Like the Golden Hawks, Ottawa upped its record to 3-0 with a 31-28 win over Guelph in double overtime. Derek Wendel's third touchdown pass of the game was to Trevor Kennedy in the second extra frame, making it the football equivalent of a baseball walk off. Mitchell Baines had his third consecutive 100+ yard receiving game for Ottawa, who also saw Bryce Viera rush for 113 yards. A'Dre Fraser returned to the lineup for the Gryphons and was James Roberts favourite target. He caught a dozen passes for 98 yards, while Johnny Augustine added 153 more on the ground. Ottawa's Sam Randazzo had the game's only sack. This game was remarkably close in virtually every statistical category. Nobody would complain about a post-season rematch.

It was only appropriate that long-time rivals Queen's and Western would open the new Richardson Stadium in Kingston. The Mustangs spoiled the party with a 27-13 win. The Mustangs dominant rushing attack was on display, as they rolled up 328 yards on the ground, led by Alex Taylor, who was two yards shy of a 200-yard day. Queen's usually reliable ground game was held in check. Jonah Pataki was held to 37 yards on 11 carries. Gaels quarterback Nate Hobbs actually led the Tricolour with 64 rushing yards, but threw three interceptions. Chris Merchant played the entire game at QB for Western, but went only 6-13 passing for 65 yards. John Biewald was a disruptive force for Western with a pair of sacks and three tackles for a loss.

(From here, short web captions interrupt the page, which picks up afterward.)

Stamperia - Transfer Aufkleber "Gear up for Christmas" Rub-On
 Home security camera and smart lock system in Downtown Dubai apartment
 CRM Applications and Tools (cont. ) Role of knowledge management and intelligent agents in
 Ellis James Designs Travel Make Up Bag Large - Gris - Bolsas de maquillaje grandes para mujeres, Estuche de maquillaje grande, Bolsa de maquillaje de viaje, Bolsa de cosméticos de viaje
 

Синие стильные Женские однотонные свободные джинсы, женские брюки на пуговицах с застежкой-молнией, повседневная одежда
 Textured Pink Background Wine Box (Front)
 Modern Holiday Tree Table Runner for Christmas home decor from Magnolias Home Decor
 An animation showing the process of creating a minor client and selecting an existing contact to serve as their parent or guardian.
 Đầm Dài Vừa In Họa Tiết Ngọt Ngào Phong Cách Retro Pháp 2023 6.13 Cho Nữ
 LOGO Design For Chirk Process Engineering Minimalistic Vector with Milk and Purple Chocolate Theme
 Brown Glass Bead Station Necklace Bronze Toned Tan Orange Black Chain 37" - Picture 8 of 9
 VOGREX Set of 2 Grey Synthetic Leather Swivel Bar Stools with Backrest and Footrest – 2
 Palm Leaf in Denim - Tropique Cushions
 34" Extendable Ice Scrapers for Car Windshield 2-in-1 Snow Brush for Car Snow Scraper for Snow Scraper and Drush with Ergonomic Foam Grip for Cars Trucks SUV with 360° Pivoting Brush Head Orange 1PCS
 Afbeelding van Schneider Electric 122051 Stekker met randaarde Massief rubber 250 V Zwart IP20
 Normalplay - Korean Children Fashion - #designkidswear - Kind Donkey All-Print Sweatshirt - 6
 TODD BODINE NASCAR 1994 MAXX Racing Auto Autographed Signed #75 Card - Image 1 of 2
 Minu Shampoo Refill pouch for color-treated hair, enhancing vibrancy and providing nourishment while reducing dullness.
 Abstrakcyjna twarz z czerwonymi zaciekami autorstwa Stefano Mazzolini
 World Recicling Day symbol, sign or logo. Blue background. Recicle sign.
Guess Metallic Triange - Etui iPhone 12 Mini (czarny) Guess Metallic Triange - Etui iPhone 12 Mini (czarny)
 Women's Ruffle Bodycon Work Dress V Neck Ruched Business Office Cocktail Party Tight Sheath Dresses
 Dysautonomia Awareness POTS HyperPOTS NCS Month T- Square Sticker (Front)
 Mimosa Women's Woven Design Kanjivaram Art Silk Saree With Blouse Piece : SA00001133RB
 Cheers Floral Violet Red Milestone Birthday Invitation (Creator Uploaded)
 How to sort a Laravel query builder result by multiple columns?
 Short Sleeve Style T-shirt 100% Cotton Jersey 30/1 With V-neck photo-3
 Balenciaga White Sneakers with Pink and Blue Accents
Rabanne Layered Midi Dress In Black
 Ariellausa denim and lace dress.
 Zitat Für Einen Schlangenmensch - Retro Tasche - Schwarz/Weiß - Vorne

Nate Hobbs brother Marcus had a much happier day quarterbacking his team to a win in the 47th annual Red and Blue Bowl. The U-of-T won its fourth straight Argo Cup with a 45-18 win over York. The Blues scored the game's final 21 points to blow open what had been a close game. Hobbs threw for 210 yards and a pair of TDs, a 76-yarder to Rahul Madan and a 65-yard strike to Anthony Naccarato. Both Alex Malone and Kaleb Leach rushed for over 100 yards. Kayden Johnson rushed for a whopping 207 yards for the Lions. Michael Runowski had a 10-tackle afternoon for York.

Chris Pezzetta had a pair of rushing majors for McMaster in its 35-0 win over Waterloo. Jordan Lyons picked up 105 yards on the ground for the Marauders. Mac recorded five interceptions on the day. Adam Preocanin booted a 49-yard field goal in the win, the second longest in CIS play this year. He also leads the country with 12 field goals. Kurtis Gray may have been the bright spot for Waterloo. He totalled eight tackles, a pair of sacks and as many tackles for a loss.